Scribus is finally usable

By Eric Bright

The DEV version

Scribus icon

UPDATE 2018-07-07: Updated the URL to the portable version.
UPDATE 2018-02-20: Listed the latest test version.

You need to give Scribus 1.5.4-test, i.e. the development version, a try. It is a totally different beast now.

I always used to test the 1.4.x branch now and then, and it was a GUI disaster. Today, I stumbled upon the 1.5.4-test version and got the portable copy of it from here:

Holy smoke! It is usable! It is usable! I couldn’t believe my eyes. Almost all of my complaints about the 1.4.x branch was totally addressed and some. I might actually switch from InDesign to Scribus after all.

Anyway, I had to head back to my 2014 review of the software and update it big time. It is, for all practical purposes, a different package altogether and very much worthy of a closer look.

Four years after my first review, almost all of my issues with the 1.4.x branch is addressed and fixed. In version 1.5.4-test, all the panels are dockable, the items in the panels are re-arranged, and most, if not all, of the usability issues and GUI/UX problems are fixed. The test version is still a work in progress and should not be harshly judged if bugs show up. The development team is certainly on the right track. Scribus is now actually usable and the learning curve has been ironed-out greatly.

Try it, again!

If you tried Scribus a few years ago and it did not work for you, now it is a good time to give it an honest spin and see all the changes and improvements that are made to this software. I am seriously thinking of switching to Scribus finally after testing the above-mentioned version.

If you like to install the regular copy of Scribus from their website, here is where you can find it:

Get Scribus

My first impression of Scribus in 2014 which is NOT true today

On the positive side, this wonderful project has huge potentials. Excellent results can be achieved by using this software. The results are easily comparable to commercially-available alternatives.

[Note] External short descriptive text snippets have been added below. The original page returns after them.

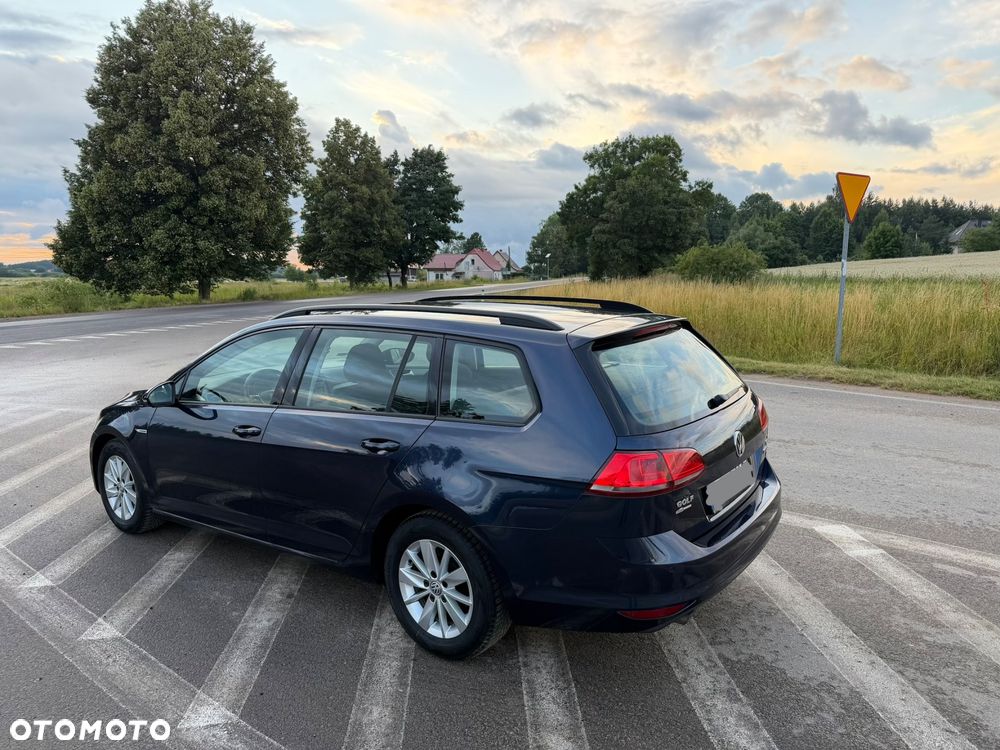Volkswagen Golf 1.6 TDI BlueMotion Trendline - 19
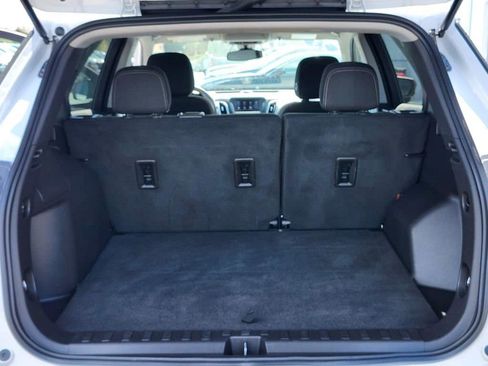 Used 2023 Chevrolet Equinox LS w/ LS Convenience Package AWD/4WD image 30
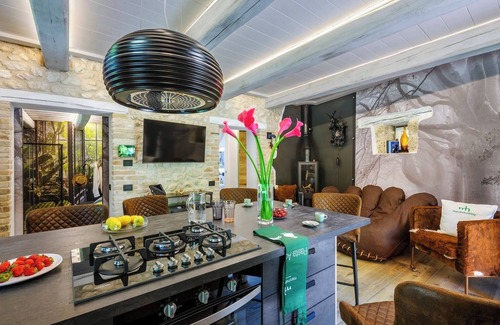 Sarnano Villa | Casalino Galassi 4&2 by Marche Holiday Villas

On the negative side, I think the project is underpowered and needs more developers. The user-interface needs rethinking. Many of the great options and features cannot easily be used or are arranged in very confusing ways. It is not lack of features, but the way they are presented that is a big issue: disorganized, scattered, unmanageable, and confusing at times. Unfortunately, there is no easy fix for it either.

I always wanted to switch to an open-source alternative (from the most-commonly-used desktop publishing software application). I’ve never been able to do that with Scribus. One reason is that most of your skills on other software are not easily transferable to Scribus. The learning curve for Scribus, even if you have come from another desktop publishing application, is pretty steep and long; and unreasonably so. The panels need serious re-engineering to become useful. They cannot be ducked (as of version 1.4.4) which adds to the usability issue. They’re not foldable either, i.e you either have them opened, or closed. This makes using the panels extremely awkward and inefficient. The panels’ usability and the issues surrounding them is the single, most important usability issue with Scribus.

The visual elements of the design of the software is stuck somewhere in 1990s and uses the mentality and design paradigms of that era. So it has a lot of room for improvement in this regards. The available themes do not help you fix the dated look of the design at all (they actually make it worse).

Aside from the user interface and usability issues, the setting and preferences are reasonable. You can calibrate the units for measuring sizes based on the resolution of your monitor and it works great. Autosave, colour management, preflight verifications, and PDF export settings are available and different PDF standards are being added gradually.

Scribus also allows you to use Python scripts (although I never tried it) and it uses a pluggable architecture (so there are a few plug-ins available for it). The plug-ins extend the features of Scribus. I certainly recommend this software to anyone who wants to have a reasonable alternative to the expensive commercial desktop publishing software applications. Once you passed the first learning stage, you can be sure that you can create great results in this application, ready for publication at the highest level of quality and standard.